The good husbandry pays off with delicious, flavorful meats. I recently bought a beautifully marbled T-bone steak from Grey Barn. I let it rest in fresh rosemary, garlic, a tad of mustard, olive oil, a teaspoon of Worcestershire sauce, and black pepper, then grilled it — it was yummy.
I often buy local pork; the pig provides a variety of options: sausage, hot Italian, breakfast, and chorizo, bacon, chops, roast, butt, loin, ribs, ham.
In my opinion, pork from small farms, humanely raised, is superior to commodity-raised pork. The flavor — well, it has flavor, and is always juicy.
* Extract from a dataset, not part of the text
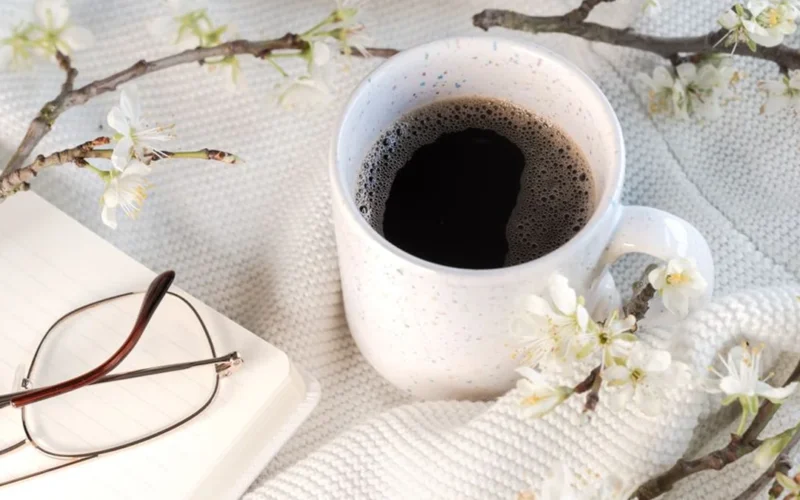 Black coffee in a ceramic cup on a wooden table with spring morning sunlight.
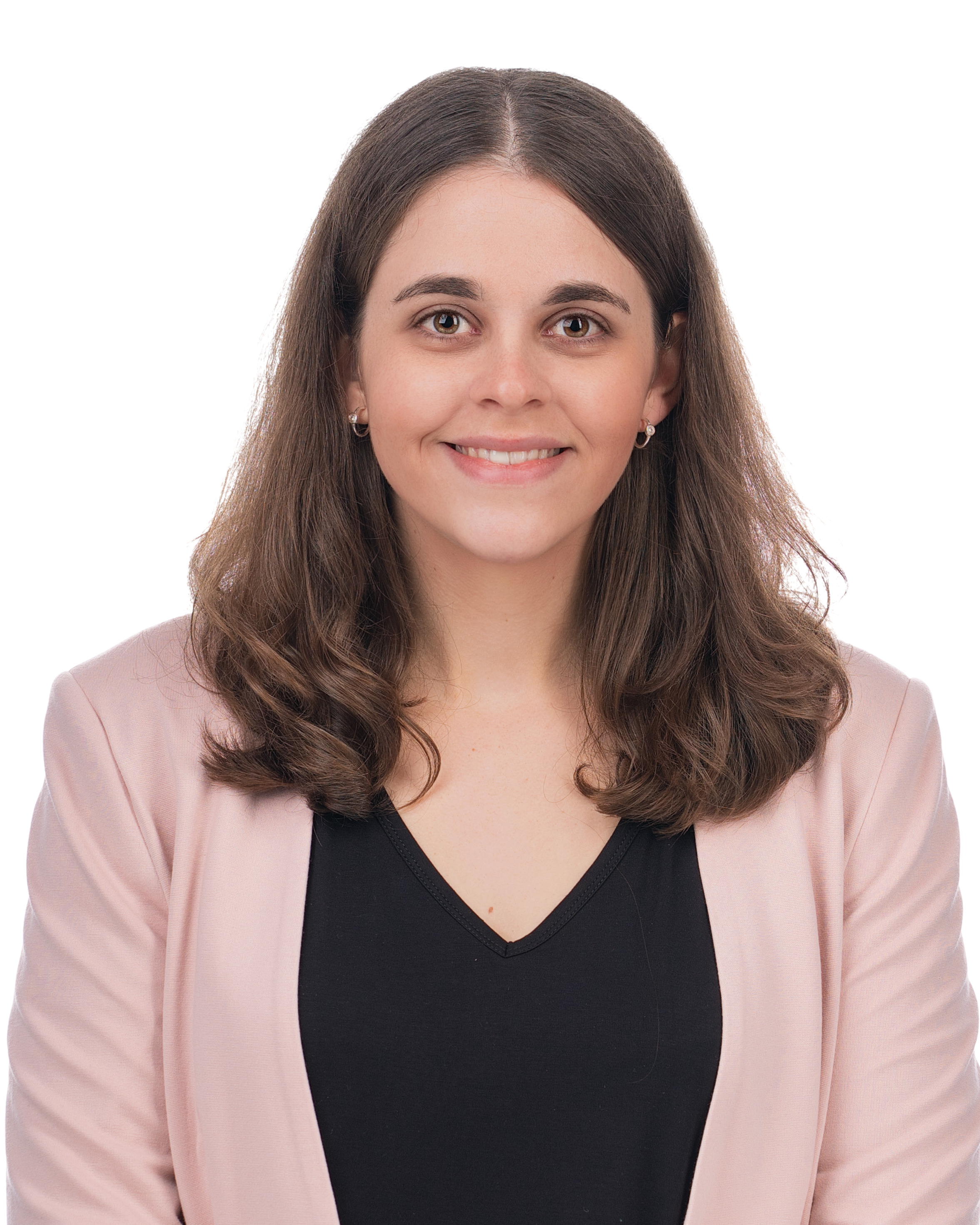 A person with brown hair wearing a pink jacketDescription automatically generated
If you hit the farmstands around the Island, there is a good chance there will be pork in the freezer. Also check out Jo Douglas, who raises only pigs at Fork to Pork, forktopork.com; you may see this locally raised pork on some Island menus.
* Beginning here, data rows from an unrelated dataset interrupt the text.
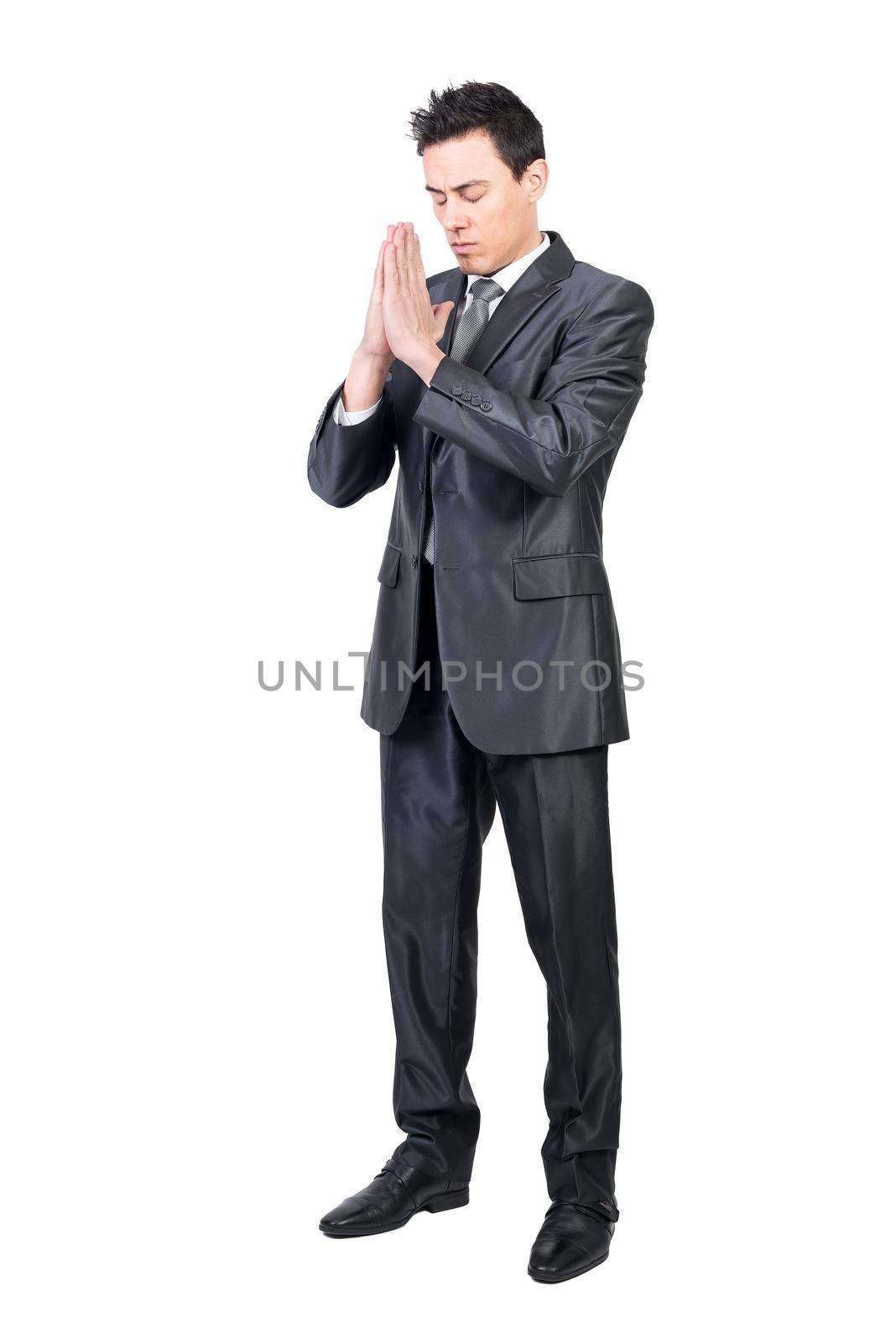 Full body of hoping peaceful male worker in classy suit standing with prayer hands in studio against white background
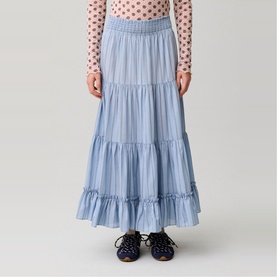 Model wearing a light blue tiered maxi skirt with elasticated waist, styled with a pink floral top and dark lace-up shoes.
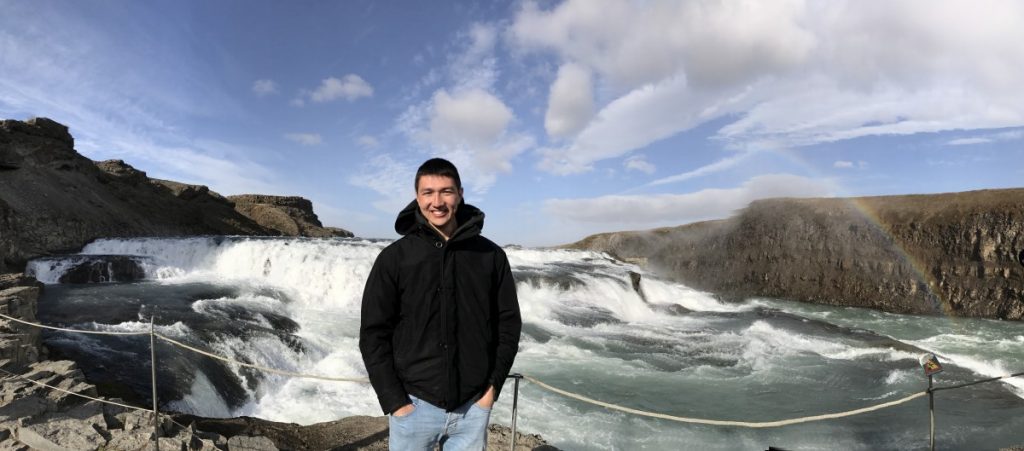 Study abroad student stands in front of Iceland glacier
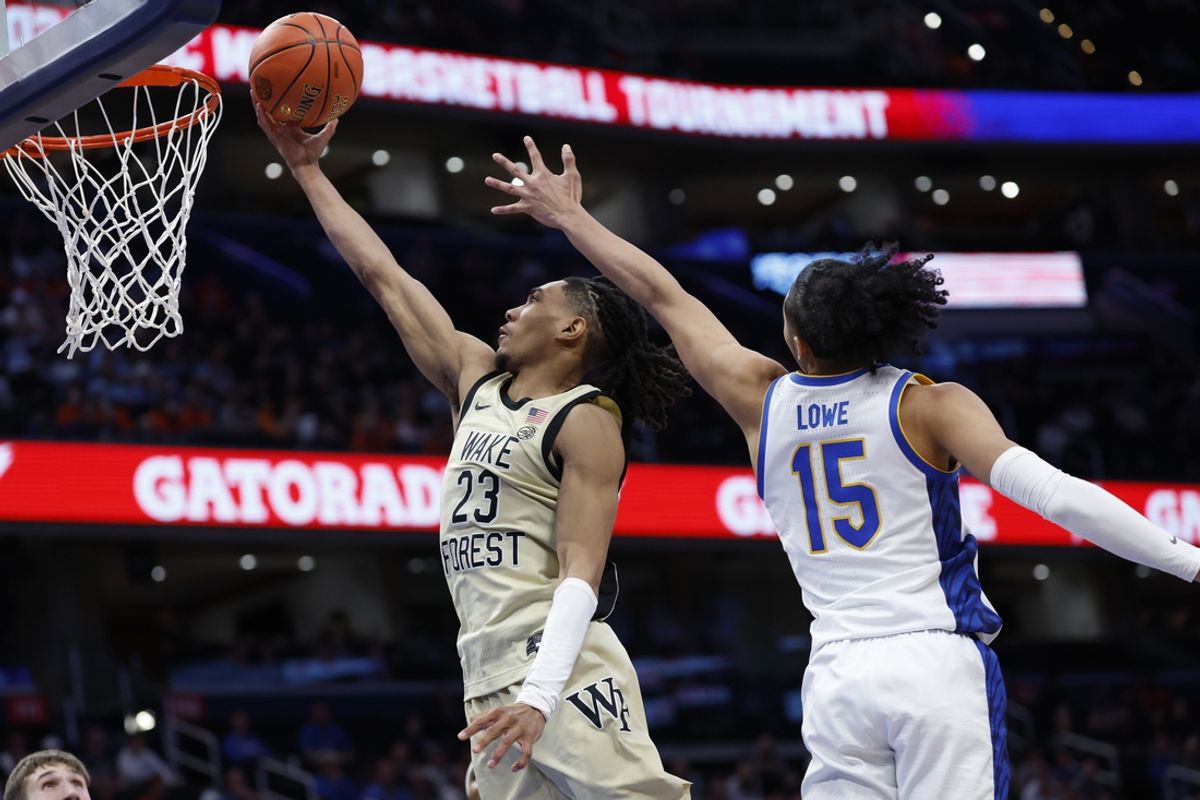 Mar 14, 2024; Washington, D.C., USA; Wake Forest Demon Deacons guard Hunter Sallis (23) shoots the ball as Pittsburgh Panthers guard Jaland Lowe (15) defends in the second half at Capital One Arena. Mandatory Credit: Geoff Burke-Imagn Images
The reality is most will not be able to buy local pork all the time; the best options at Cronig’s are Niman Ranch — I find their pork chops consistently delicious.
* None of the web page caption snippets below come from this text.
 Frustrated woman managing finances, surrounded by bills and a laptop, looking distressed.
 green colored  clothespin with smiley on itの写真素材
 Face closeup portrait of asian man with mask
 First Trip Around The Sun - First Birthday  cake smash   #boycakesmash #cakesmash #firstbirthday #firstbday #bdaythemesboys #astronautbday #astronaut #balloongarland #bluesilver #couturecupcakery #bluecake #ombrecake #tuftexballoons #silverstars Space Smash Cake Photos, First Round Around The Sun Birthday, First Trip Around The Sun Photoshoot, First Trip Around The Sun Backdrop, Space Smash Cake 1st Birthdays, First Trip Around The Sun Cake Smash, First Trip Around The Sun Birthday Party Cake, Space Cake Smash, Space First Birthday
At this time of year, I’m thinking of homey comfort foods; this pork hash recipe is perfect for fall.
Spicy Pork Hash with Kale and Winter Squash
This hash is basically a base for a few meals — breakfast hash with eggs, a fantastic pasta sauce (just add chicken stock or pasta water), or add two cans of drained and rinsed white beans and chicken stock for soup.
Most of the ingredients I used were local. The hash could not be easier — my favorite kind of cooking: clean, simple, local, very tasty, and full of color. Serves 4.
¼ cup EVOO
I lb. ground hot Italian sausage
4 cups winter squash, such as delicata or butternut. Slice and peel if needed, slice in half and remove seeds, dice into two-inch pieces
1 Tbsp. fresh rosemary, chopped
1 large or 2 medium shallots, halved and thinly sliced
3 medium or two large leeks halves, rinsed, then sliced
1 large bunch kale or chard, bottom stems removed, sliced keeping the rib intact (large-cut chiffonade), then soak and spin dry
Preheat oven to 400°. In a heavy saucepan, add 1 tablespoon of olive oil; heat on medium-high heat and brown the sausage, breaking up the meat so it is not too chunky.
Rinse your delicata squash well — you will leave the skin on and eat it. Peel your butternut. Halve, remove seeds, and cut into two-inch slices for the delicata, or dices for the butternut squash. Toss in remaining olive oil, season with salt and pepper. Bake at 400° for about 25 minutes.
Once your sausage is browned, add rosemary, combine, then add your shallots and leeks. Combine, turn heat down, and cook for about 5 minutes to soften the shallots and leeks.
Add chiffonaded kale, combine well. Cover for about 2 minutes. Continue cooking until kale has softened. Remove from heat. Carefully fold in roasted squash.